Publié le 21/11/2020

Suite à l’affaire de Villeneuve de Blaye en mai 2014, et pour tenter de faire face à la tempête médiatique internationale engendrée par les récits des enfants intoxiqués et de leurs enseignants, des responsables des organismes viticoles de Gironde et leur syndicat préféré, la FDSEA 33, ont tenté d’allumer des contre-feux. Maintenant que la justice est passée par là, il nous semble important de revenir sur leurs allégations.

Les faits

Il se trouve que deux viticulteurs traitaient ce jour-là : l’un en bio et l’autre en conventionnel. Il se trouve aussi que cette autre est une viticultrice et qu’elle est maire du village. Elle faisait épandre ce jour-là deux fongicides : Eperon Pepite et Pepper. Les enfants ont été pris de malaises et l’ARS, dans un rapport, a précisé que «les effets aigus connus des fongicides identifiés sont concordants avec les symptômes décrits par les enfants et personnels de cette école» (télécharger ici le rapport de l’ARS). Il s’agissait donc selon toute vraisemblance d’une intoxication liée à des fongicides utilisés en agriculture conventionnelle, comme l’a rappelé le Journal de l’environnement le 11/03/2016.

Précisons que la gendarmerie n’a pas été appelée sur les lieux (alors qu’elle aurait du l’être par la Madame la Maire, dont c’était la responsabilité, ou par les pompiers).

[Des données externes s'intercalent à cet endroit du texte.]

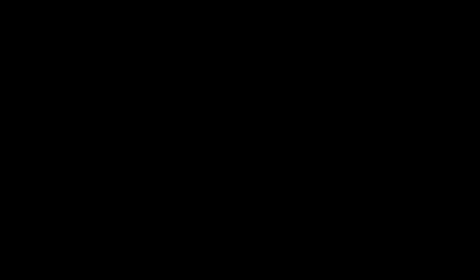You now join me here in this beautiful walled rear garden. It really is a stunning open space with immaculate lawns, pathways, mature trees, and a little orchard as well.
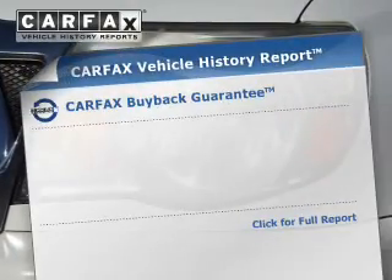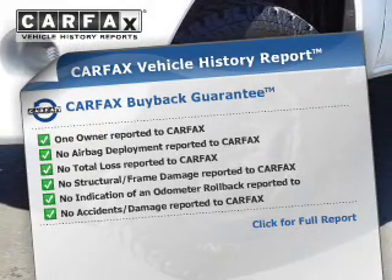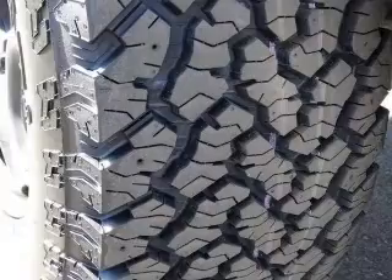Rest easy knowing this vehicle comes with a Carfax Vehicle History Report from Carfax, the most trusted provider of vehicle history information. Great quality at a great price. Call or click to contact us today.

La gendarmerie n’est arrivée que quatre jours après, ce qui a privé la procédure judiciaire de tout élément permettant d’incriminer tel ou tel produit et de décrire scientifiquement l’empoisonnement. Étonnant, non ? Surtout quand on connait la distance entre l’école et la gendarmerie (8,8 km). En conséquence la procédure judiciaire n’a pu porter que sur les conditions des épandages (vitesse du vent, contrôle ou non-contrôle de la dispersion), conditions que doivent respecter tous les agriculteurs, qu’ils soient bio ou conventionnels.

Le déni du CIVB

La réaction de Bernard Farges, qui présidait déjà le CIVB à l’époque, fut admirable. Dans un article de juillet 2014, la revue Vitisphere relate l’Assemblée générale de l’organisation qui vient d’avoir lieu dans laquelle l’affaire de Villeneuve est évoquée : « Oui, nous sommes une activité économique. Devons-nous nous en excuser ? » et B. Farges de marteler : « Devons-nous nous excuser d’occuper et de cultiver notre territoire ? Non, sûrement pas ! » Il a également rejeté au passage l’idée d’une omerta des professionnels sur la question des traitements phytosanitaires, soulignant que « la filière des vins de Bordeaux travaille depuis des décennies à réduire ses impacts sur l’environnement. S’il y a une omerta, c’est celle-ci. »

NB :Le célèbre “c’est çui qui l’dit qui l’est” des cours de récréation est un grand classique au CIVB (genre “c’est le cuivre qui tue, pas les pesticides de synthèse”).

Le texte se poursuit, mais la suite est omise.